- _Exercise requirements_: Copy exactly. Include the line containing "You've got the", every line after it, and the last line below, but no pictures.

- _Material provided_:

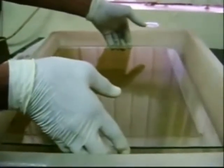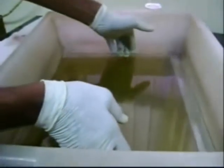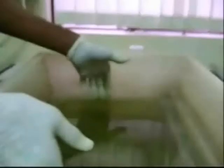Then keep the plate in fixer or stopper solution for 5 to 10 minutes. These are the banding patterns of SSR markers obtained after silver staining. SSR markers are used for population studies, individual genotyping, and construction of genetic maps.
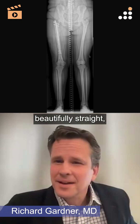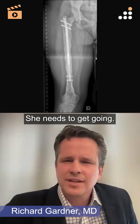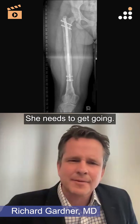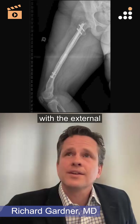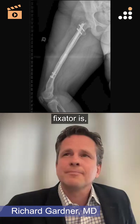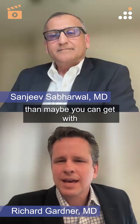You've got the leg beautifully straight on both coronal and sagittal planes, and that's just what she needs to get going. The osteotomy — I think the issue with the external fixator is that it does probably drive your osteotomy a little bit higher than maybe you can get with a plate.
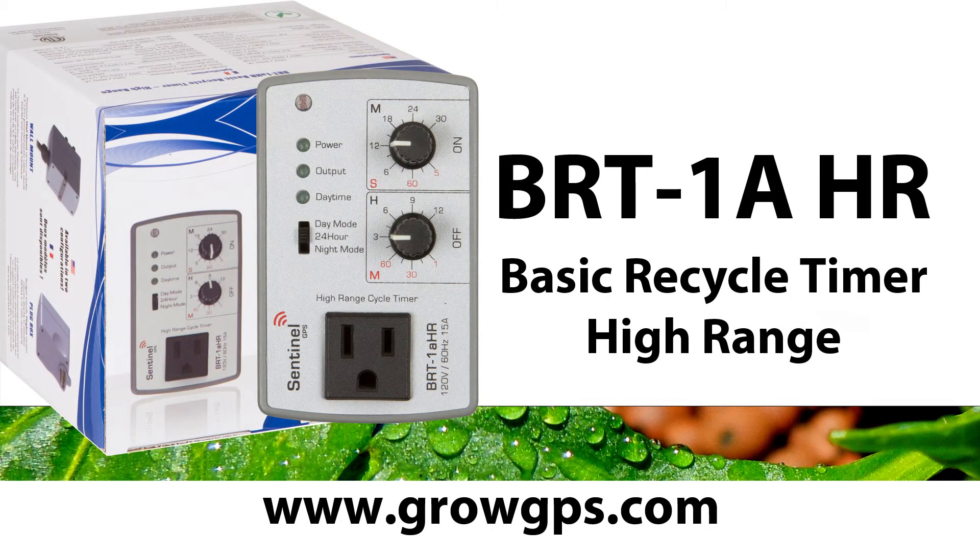Thank you for joining us today on the Sentinel Technical Channel. Feel free to contact us at GrowGPS.com.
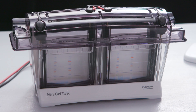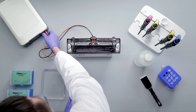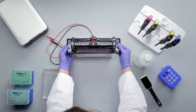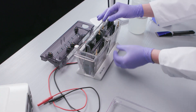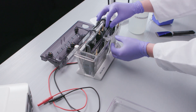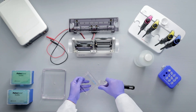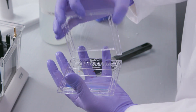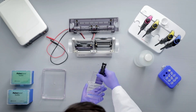At the end of the run, as determined by time or when the dye front reaches the foot of the gel, turn off the power supply, disconnect the cords, and remove the lid by placing your thumb on the tank handles and pulling the lid up with your fingers. Remove the gel cassette from the electrophoresis tank by releasing the cam handle. Carefully separate the gel from the plates using the gel knife. Remove the foot of the gel and wells.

- _Reply to the task_:
You've got the leg beautifully straight on both coronal and sagittal planes, and that's just what she needs to get going. The osteotomy — I think the issue with the external fixator is that it does probably drive your osteotomy a little bit higher than maybe you can get with a plate.
Thank you for joining us today on the Sentinel Technical Channel. Feel free to contact us at GrowGPS.com.
At the end of the run, as determined by time or when the dye front reaches the foot of the gel, turn off the power supply, disconnect the cords, and remove the lid by placing your thumb on the tank handles and pulling the lid up with your fingers. Remove the gel cassette from the electrophoresis tank by releasing the cam handle. Carefully separate the gel from the plates using the gel knife. Remove the foot of the gel and wells.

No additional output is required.